## ABOUT THIS EXERCISE
Print every record below exactly, minus the pictures.
* * * * * * * * *
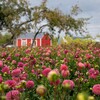 Logo of telegram channel js_flowers_farm — JS Flowers Farm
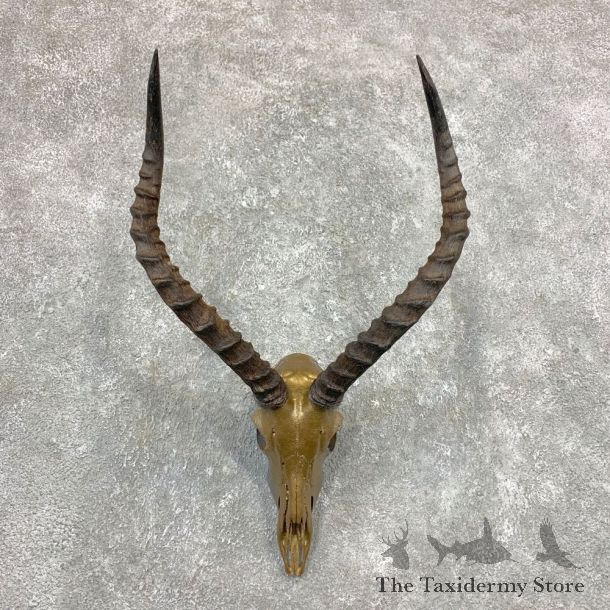 Impala Skull & Horn European Mount For Sale #23365 @ The Taxidermy Store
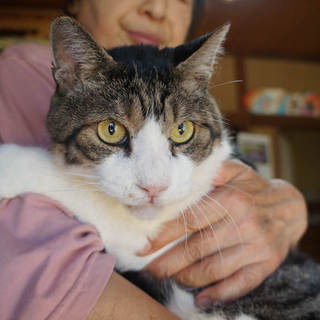 大きくて、大人しい良い子。元飼い猫だったゴマちゃん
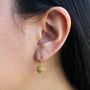 Dandelion Spike Gold Plated Silver Stud Earrings, thumbnail 7 of 12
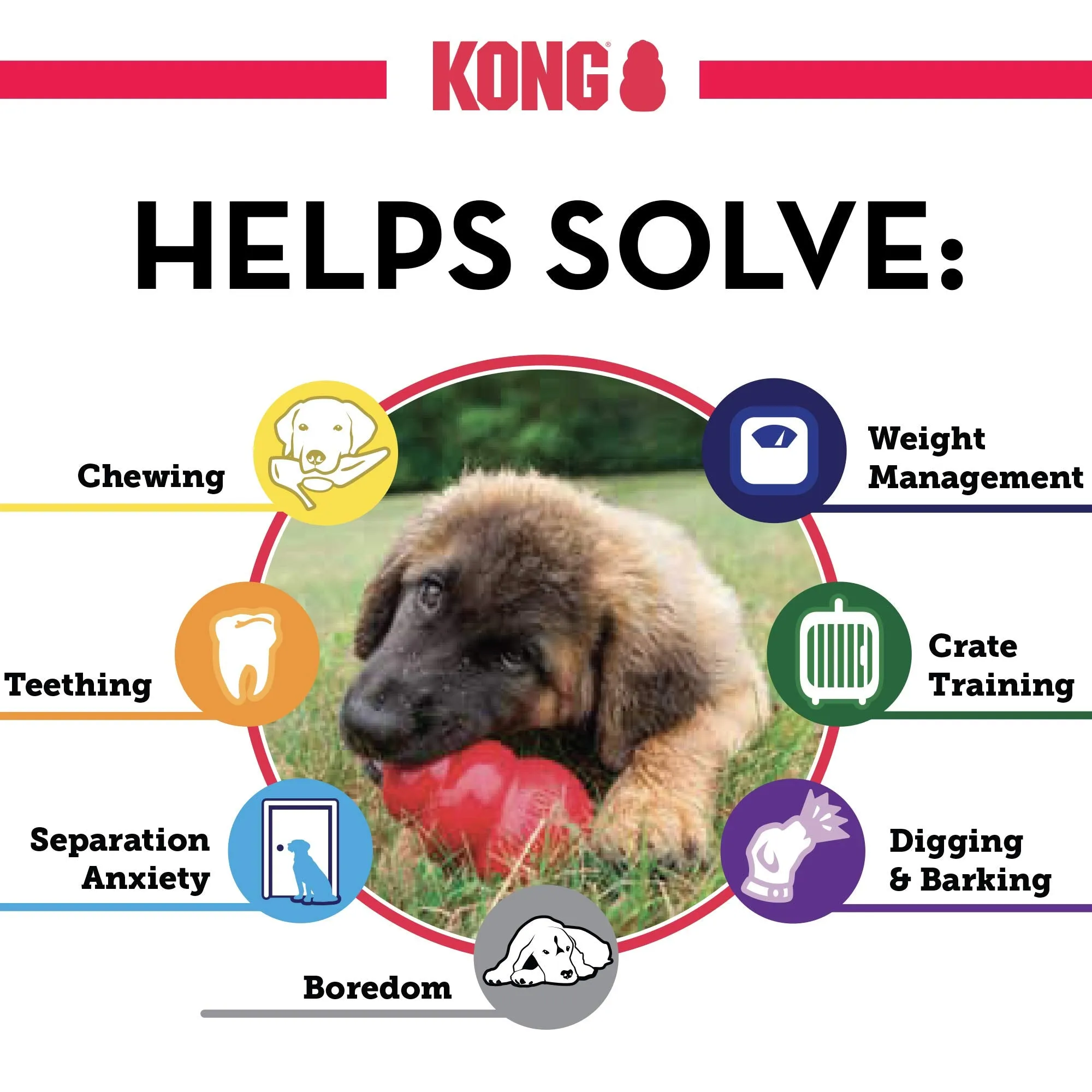 Kong Dog Chew Toy - Medium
* * * * * * * * *
## THE ANSWER
 Logo of telegram channel js_flowers_farm — JS Flowers Farm
 Impala Skull & Horn European Mount For Sale #23365 @ The Taxidermy Store
 大きくて、大人しい良い子。元飼い猫だったゴマちゃん
 Dandelion Spike Gold Plated Silver Stud Earrings, thumbnail 7 of 12
 Kong Dog Chew Toy - Medium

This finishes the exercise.